Kevin W. WoodruffAge: 55-65Gender: Male5 Stars Out Of 5Favorable Review of the Momplete Jewish Study BibleAugust 5, 2017Kevin W. WoodruffAge: 55-65Gender: MaleQuality: 0Value: 0Meets Expectations: 0Stern, David H., and Barry A. Rubin, eds. The Complete Jewish Study Bible: Insights for Jews &
Christians: Illuminating the Jewishness of God's Word. Peabody, Mass: Hendrickson Bibles, 2016. 1728 pp. Hardback $49.95.
Editors David H. Stern and Barry A. Rubin have given us a unique study Bible that is unlike anything else out on the study Bible market these days.
Stern earned a Ph.D. in economics from Princeton University and is a former professor of economics at UCLA. After coming to faith in Christ in 1975, he set out to learn more about both Judaism as well as Christianity. He earned a Master of Divinity degree from Fuller Theological Seminary, continued to do graduate work at the University of Judaism, and was active in the Messianic Jewish movement. In 1979, Stern immigrated to Israel and currently lives in Jerusalem. He is also known for his translation of the New Testament, The Jewish New Testament, and then of the whole Bible, The Complete Jewish Bible, done in 1998, as well as the companion commentary, The Jewish New Testament Commentary.
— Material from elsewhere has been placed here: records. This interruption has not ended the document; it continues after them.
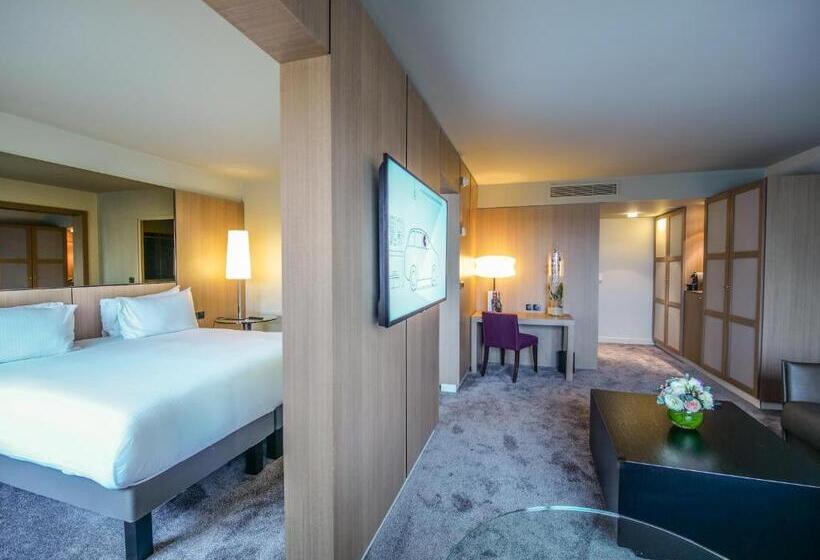 سوئیت جونیور با تخت بزرگ, Pullman Bordeaux Lac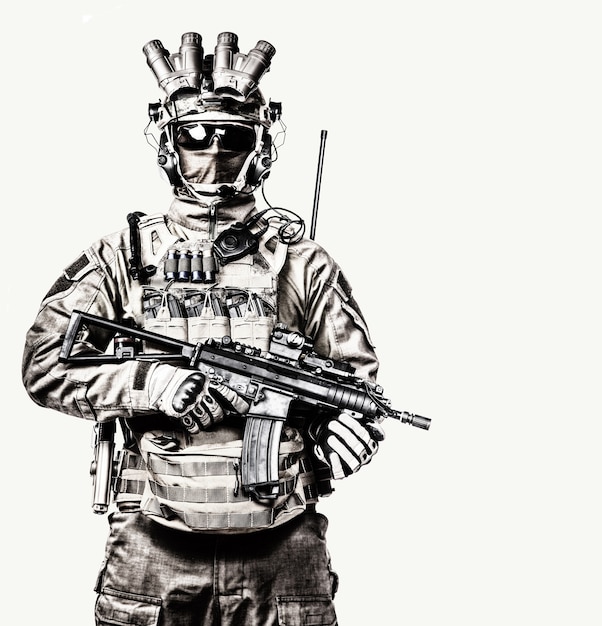 Soldato delle forze di operazioni speciali, combattente della squadra antiterrorismo, mercenario militare in maschera e dispositivo di visione notturna, armato di fucile a canna corta ritratto in studio isolato sfondo bianco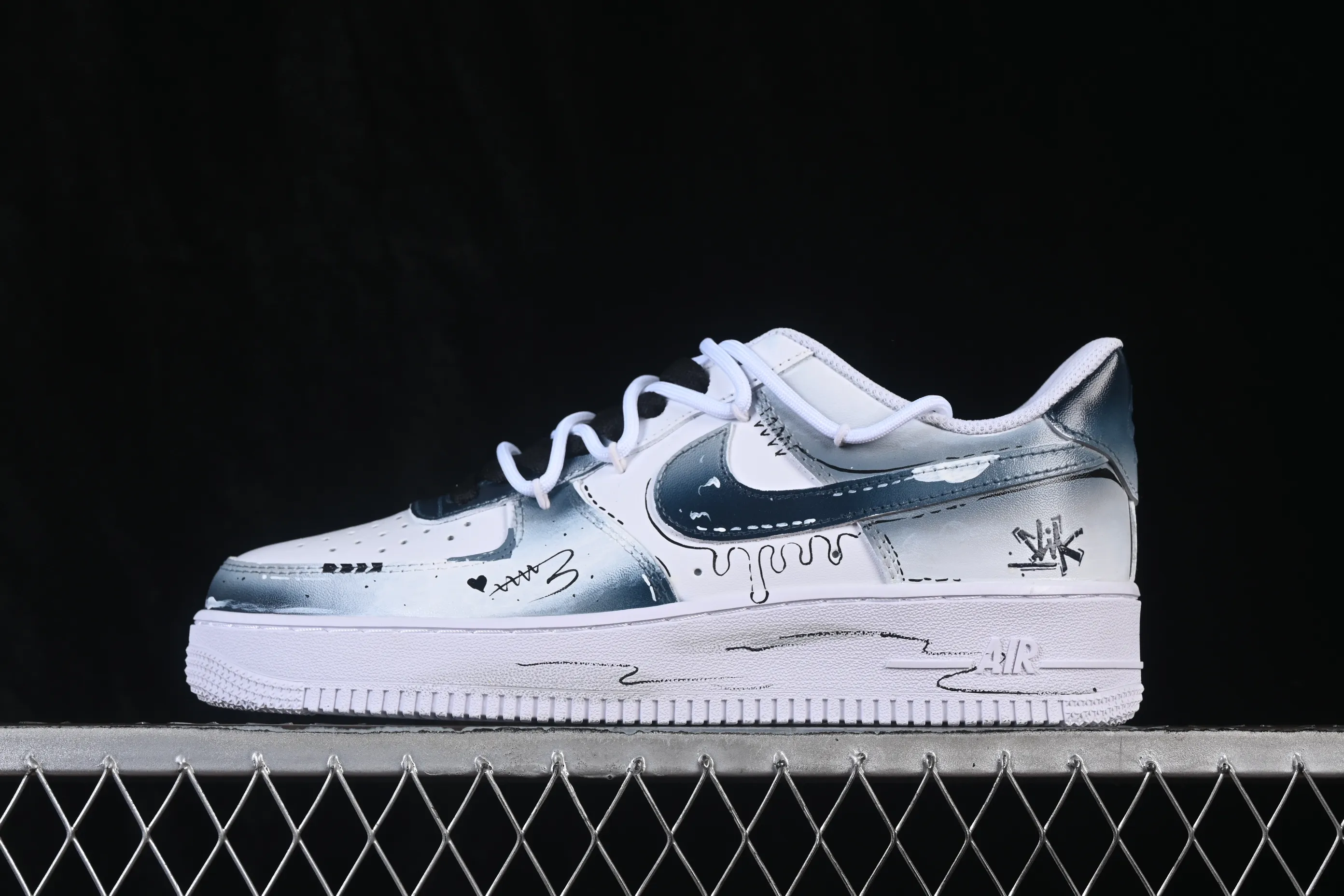 All categories Nk Air Force 1 Air Force series Nk Air Force 1 Low Air Force low-top Nike Air Force 1'07 Low Two-dimensional theme Air Force 1 low-top casual sneakers CW2288-111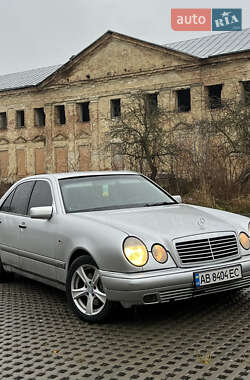 Седан Mercedes-Benz E-Class 1999 в Тульчине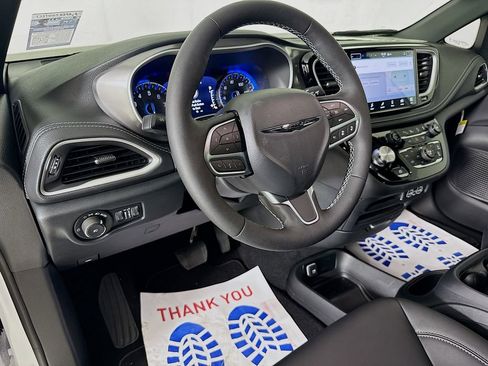 Used 2025 Chrysler Pacifica Select image 9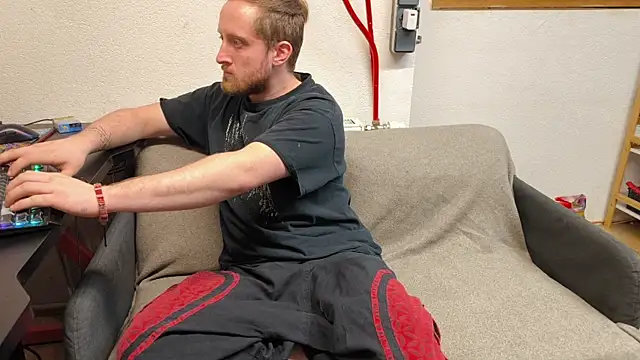 Snapshot of DrownMentallyyy chatting on 02-18-25, 09:53 DrownMentallyyy online show from 02-18-25, 09:53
Rubin is the rabbi of Emmanuel Messianic Jewish Congregation in Clarksville, Maryland which is the oldest extant Messianic congregation in the world. He has earned a Master of Arts in Communications from Ohio University. In 1988, he became director of The Lederer Foundation (now Messianic Jewish Publishers and Resources), a sixty-year-old organization in Clarksville, Maryland, and serves on several boards and has been a leader in the Messianic Judaism movement since the 1970s.
The Complete Jewish Study Bible (CJSB) is a revision of Stern's previously published Complete Jewish Bible, with notes by over twenty-five scholars, both Christian and Jewish. It seems that its primary purpose is to be a Bible designed to be used by Messianic Jewish congregations. As such, it has many helps with that constituency in mind. The books of the Bible are in the order of the Hebrew Scriptures but it contains three helpful tables of contents, so that someone not familiar with that format can find the book for which they are looking. The various parashoth of the Torah are marked along with appropriate readings from the New Testament.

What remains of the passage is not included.